• **Try it**: Print all of the data below exactly as it appears, leaving out every image.
(Dataset section Opens)
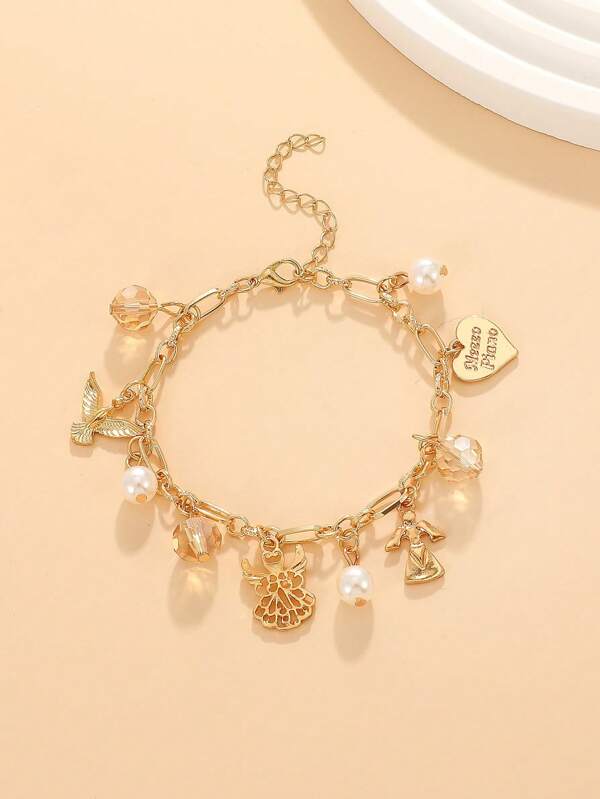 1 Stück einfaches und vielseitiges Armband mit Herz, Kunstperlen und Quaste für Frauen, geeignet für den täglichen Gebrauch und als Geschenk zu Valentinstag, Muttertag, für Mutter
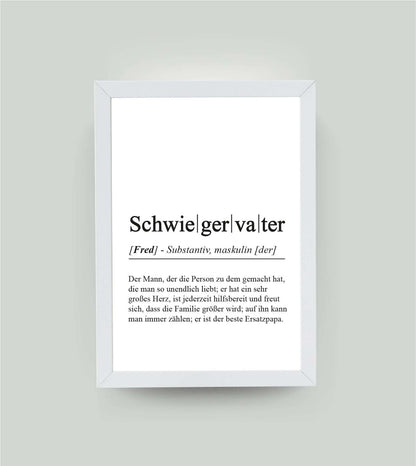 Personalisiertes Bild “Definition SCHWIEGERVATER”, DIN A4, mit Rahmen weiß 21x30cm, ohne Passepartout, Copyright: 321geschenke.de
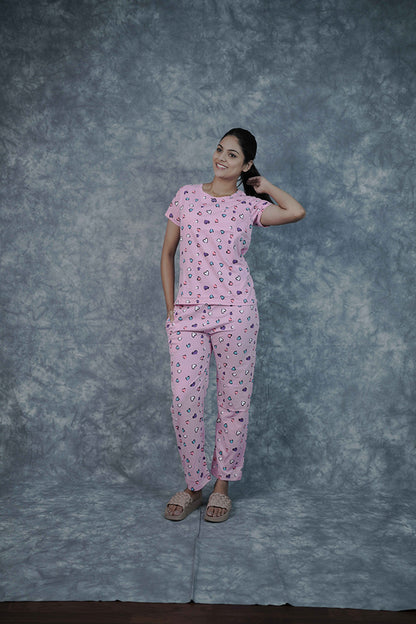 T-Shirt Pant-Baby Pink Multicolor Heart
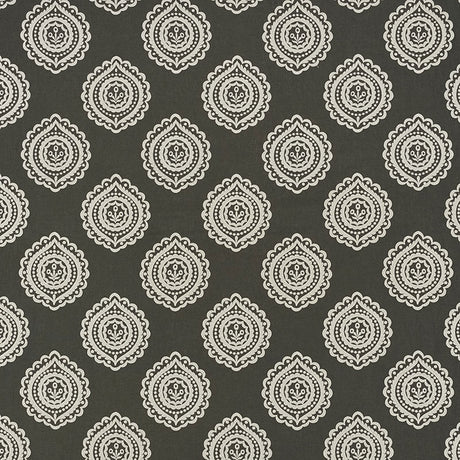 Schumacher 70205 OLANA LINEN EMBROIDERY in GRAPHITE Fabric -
(Dataset section Closes)
• **Solution**:
 1 Stück einfaches und vielseitiges Armband mit Herz, Kunstperlen und Quaste für Frauen, geeignet für den täglichen Gebrauch und als Geschenk zu Valentinstag, Muttertag, für Mutter
 Personalisiertes Bild “Definition SCHWIEGERVATER”, DIN A4, mit Rahmen weiß 21x30cm, ohne Passepartout, Copyright: 321geschenke.de
 T-Shirt Pant-Baby Pink Multicolor Heart
 Schumacher 70205 OLANA LINEN EMBROIDERY in GRAPHITE Fabric -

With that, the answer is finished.